# [RECORDS FOR THIS TASK]
BEGIN

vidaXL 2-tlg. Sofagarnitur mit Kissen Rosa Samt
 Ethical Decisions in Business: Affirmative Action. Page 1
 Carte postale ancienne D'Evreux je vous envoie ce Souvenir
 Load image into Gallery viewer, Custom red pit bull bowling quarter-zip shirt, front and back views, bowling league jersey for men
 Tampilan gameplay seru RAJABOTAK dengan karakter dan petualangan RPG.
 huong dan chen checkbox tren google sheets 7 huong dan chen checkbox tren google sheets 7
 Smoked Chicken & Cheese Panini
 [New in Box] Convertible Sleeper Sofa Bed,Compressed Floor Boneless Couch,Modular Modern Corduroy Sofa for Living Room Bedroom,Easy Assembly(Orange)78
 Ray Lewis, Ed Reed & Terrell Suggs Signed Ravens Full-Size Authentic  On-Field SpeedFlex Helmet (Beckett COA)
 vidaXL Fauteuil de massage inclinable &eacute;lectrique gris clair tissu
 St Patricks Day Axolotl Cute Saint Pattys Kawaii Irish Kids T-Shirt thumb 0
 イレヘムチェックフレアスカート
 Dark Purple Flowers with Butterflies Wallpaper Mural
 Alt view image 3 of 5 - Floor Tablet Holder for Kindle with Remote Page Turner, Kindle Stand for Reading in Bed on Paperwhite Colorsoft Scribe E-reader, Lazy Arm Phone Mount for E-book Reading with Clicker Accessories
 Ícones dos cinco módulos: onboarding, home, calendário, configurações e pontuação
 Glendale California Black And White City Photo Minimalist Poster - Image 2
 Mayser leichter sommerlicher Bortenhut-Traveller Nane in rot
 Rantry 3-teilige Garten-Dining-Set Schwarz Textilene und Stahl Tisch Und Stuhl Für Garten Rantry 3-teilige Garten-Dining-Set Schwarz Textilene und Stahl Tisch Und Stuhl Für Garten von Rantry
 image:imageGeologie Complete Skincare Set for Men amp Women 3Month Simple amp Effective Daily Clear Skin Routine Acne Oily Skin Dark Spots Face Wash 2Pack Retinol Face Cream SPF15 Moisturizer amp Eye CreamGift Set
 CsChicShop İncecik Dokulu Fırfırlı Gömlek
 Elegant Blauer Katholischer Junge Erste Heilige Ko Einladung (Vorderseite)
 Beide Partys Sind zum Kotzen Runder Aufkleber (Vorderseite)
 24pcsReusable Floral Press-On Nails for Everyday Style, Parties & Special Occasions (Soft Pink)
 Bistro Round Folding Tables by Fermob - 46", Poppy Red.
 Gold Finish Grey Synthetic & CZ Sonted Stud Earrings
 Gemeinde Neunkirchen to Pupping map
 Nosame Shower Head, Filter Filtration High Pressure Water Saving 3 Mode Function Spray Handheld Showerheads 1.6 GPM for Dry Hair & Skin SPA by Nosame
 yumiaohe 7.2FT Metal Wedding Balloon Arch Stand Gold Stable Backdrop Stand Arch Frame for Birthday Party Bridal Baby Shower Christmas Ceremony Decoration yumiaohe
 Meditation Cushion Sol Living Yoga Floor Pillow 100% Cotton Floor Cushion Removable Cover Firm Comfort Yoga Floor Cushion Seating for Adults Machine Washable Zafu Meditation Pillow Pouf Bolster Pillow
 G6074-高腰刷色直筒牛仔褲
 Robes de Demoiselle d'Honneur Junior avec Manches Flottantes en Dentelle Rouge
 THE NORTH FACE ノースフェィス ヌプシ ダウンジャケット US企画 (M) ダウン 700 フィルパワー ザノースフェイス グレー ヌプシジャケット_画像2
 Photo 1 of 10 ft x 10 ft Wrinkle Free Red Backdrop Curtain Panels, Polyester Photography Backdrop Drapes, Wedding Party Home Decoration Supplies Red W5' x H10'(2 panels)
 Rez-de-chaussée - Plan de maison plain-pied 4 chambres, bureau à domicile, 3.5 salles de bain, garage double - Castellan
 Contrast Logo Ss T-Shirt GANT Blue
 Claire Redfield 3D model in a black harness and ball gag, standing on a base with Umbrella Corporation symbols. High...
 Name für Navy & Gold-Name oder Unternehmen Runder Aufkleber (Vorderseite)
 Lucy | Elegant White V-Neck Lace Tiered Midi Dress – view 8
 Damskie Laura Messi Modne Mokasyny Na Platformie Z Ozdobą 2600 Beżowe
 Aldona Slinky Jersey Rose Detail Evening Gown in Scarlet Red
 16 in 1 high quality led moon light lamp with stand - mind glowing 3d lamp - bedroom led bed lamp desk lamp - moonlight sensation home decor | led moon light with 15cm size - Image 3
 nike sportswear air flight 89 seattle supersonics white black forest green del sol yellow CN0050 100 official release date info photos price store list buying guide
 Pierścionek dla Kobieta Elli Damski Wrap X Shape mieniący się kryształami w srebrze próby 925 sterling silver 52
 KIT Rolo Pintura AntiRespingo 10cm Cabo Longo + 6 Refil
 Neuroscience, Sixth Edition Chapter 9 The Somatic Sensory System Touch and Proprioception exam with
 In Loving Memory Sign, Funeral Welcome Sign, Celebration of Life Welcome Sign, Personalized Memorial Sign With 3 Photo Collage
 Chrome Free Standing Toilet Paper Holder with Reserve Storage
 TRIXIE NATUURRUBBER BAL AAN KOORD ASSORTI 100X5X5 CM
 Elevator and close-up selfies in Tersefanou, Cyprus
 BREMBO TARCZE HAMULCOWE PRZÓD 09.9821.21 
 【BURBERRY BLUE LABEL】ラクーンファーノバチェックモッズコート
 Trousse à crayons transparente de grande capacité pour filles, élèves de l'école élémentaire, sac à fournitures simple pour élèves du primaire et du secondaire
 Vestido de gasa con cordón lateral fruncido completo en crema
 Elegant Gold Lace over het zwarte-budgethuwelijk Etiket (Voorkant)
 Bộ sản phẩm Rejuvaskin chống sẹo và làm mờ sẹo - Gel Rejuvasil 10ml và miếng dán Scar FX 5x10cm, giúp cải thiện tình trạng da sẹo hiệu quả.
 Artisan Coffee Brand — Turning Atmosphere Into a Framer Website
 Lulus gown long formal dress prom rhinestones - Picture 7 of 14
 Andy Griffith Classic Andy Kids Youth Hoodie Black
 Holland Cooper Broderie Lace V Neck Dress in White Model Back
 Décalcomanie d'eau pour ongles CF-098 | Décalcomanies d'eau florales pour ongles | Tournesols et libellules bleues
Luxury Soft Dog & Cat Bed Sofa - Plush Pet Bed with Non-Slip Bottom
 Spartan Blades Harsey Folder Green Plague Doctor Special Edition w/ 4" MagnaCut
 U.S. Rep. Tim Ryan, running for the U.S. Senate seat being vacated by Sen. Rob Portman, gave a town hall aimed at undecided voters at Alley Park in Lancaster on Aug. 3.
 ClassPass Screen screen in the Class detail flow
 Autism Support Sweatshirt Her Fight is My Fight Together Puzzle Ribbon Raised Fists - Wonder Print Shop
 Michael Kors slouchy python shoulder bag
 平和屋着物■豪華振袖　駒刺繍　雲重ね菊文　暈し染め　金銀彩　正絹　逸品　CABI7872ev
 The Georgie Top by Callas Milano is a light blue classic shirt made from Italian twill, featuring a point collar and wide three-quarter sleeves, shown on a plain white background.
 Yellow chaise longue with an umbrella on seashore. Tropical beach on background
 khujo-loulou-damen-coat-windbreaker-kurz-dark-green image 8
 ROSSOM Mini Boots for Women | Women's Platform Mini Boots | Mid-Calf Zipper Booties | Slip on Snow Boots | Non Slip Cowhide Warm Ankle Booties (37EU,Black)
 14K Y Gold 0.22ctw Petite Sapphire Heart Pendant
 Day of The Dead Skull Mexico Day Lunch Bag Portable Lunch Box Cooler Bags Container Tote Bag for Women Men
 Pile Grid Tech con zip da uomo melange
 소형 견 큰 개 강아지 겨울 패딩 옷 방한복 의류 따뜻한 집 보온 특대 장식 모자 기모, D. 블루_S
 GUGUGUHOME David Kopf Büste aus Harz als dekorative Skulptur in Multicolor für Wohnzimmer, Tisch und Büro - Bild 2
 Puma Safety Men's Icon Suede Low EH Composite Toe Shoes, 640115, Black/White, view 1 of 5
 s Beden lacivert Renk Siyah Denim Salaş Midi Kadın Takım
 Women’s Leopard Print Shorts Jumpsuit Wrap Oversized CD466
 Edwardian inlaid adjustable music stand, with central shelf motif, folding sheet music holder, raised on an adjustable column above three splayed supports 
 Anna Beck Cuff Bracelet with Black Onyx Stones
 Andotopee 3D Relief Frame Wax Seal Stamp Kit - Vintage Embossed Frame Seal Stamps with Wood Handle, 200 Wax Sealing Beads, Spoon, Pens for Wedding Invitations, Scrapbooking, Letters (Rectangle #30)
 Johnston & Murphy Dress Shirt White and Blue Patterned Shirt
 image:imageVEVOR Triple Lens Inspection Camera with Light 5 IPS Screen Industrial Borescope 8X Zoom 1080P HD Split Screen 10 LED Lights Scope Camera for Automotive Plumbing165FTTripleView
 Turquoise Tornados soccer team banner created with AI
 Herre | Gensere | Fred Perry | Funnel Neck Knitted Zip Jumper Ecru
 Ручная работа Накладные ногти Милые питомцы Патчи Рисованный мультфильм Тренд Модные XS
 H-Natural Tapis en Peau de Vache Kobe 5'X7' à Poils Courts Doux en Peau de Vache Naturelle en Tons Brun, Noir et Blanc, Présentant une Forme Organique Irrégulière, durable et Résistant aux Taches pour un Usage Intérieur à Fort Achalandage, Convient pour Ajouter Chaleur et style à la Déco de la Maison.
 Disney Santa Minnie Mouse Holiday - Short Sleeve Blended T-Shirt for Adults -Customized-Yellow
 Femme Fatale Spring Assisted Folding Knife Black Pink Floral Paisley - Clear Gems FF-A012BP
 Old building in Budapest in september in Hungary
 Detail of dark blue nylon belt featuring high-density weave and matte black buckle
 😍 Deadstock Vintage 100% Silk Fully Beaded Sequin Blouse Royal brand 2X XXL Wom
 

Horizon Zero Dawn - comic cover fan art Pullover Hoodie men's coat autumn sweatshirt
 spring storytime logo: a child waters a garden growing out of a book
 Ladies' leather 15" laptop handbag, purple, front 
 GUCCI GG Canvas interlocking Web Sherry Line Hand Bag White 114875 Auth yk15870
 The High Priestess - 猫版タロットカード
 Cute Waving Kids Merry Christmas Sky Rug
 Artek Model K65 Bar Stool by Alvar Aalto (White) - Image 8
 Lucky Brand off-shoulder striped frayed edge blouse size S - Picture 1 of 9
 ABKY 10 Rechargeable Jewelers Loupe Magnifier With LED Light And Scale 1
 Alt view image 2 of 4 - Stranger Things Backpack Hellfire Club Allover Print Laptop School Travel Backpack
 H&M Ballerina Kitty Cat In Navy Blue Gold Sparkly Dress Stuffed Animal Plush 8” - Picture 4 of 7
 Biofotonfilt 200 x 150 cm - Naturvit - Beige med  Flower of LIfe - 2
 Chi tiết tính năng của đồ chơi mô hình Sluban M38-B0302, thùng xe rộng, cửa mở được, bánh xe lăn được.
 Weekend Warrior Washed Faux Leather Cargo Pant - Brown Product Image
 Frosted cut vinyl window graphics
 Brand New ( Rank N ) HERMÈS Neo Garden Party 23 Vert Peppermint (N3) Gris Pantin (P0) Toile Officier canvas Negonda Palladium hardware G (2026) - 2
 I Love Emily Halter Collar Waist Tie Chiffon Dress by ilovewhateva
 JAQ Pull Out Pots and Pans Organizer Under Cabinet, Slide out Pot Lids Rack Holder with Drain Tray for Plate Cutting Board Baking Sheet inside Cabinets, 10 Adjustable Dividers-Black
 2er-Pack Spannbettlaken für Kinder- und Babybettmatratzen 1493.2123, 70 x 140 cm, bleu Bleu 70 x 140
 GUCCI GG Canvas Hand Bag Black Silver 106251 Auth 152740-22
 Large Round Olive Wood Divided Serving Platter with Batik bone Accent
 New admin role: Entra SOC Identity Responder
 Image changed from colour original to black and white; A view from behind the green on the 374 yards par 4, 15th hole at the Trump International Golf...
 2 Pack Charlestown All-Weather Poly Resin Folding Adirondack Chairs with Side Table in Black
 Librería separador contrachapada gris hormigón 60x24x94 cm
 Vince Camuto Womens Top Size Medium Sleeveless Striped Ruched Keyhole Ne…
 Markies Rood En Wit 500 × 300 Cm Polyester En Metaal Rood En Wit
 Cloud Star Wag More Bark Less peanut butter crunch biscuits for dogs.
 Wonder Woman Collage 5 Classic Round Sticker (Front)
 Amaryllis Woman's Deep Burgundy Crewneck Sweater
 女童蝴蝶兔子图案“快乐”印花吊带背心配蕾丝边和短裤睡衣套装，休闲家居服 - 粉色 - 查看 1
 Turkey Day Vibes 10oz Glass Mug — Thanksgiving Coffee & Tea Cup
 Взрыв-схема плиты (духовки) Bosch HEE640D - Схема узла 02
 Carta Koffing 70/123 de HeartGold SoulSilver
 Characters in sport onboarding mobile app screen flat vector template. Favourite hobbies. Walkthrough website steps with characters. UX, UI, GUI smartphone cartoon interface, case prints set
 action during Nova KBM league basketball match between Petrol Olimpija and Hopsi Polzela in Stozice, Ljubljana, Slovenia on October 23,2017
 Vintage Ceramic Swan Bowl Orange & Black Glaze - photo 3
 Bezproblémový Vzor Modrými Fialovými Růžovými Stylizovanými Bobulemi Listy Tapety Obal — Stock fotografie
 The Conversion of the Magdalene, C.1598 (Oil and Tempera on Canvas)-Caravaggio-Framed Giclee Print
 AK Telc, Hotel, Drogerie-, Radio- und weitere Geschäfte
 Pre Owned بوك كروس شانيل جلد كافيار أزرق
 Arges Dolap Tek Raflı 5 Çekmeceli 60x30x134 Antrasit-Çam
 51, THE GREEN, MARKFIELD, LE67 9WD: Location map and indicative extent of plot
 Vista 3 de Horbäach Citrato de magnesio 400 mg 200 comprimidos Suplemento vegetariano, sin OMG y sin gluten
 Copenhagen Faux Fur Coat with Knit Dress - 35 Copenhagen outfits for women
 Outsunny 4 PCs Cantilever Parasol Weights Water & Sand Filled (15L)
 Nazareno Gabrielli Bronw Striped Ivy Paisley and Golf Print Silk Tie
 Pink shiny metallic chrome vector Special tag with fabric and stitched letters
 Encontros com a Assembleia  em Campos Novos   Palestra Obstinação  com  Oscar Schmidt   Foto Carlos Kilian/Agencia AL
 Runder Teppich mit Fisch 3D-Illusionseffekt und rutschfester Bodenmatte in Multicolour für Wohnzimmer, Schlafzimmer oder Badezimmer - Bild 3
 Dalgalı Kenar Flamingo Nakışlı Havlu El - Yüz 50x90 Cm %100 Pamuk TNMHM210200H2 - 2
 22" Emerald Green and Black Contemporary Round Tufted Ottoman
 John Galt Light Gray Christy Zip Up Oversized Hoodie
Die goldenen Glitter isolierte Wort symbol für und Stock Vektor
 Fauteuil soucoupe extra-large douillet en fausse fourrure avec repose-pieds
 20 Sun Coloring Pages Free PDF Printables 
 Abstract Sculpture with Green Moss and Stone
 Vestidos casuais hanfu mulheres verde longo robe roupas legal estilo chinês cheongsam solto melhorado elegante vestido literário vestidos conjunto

END

Your task is to transcribe, with no changes, only the lines of the listing above that lie between the line holding "Ícones dos cinco" and the line holding "Mayser leichter sommerlicher", inclusive.

 Ícones dos cinco módulos: onboarding, home, calendário, configurações e pontuação
 Glendale California Black And White City Photo Minimalist Poster - Image 2
 Mayser leichter sommerlicher Bortenhut-Traveller Nane in rot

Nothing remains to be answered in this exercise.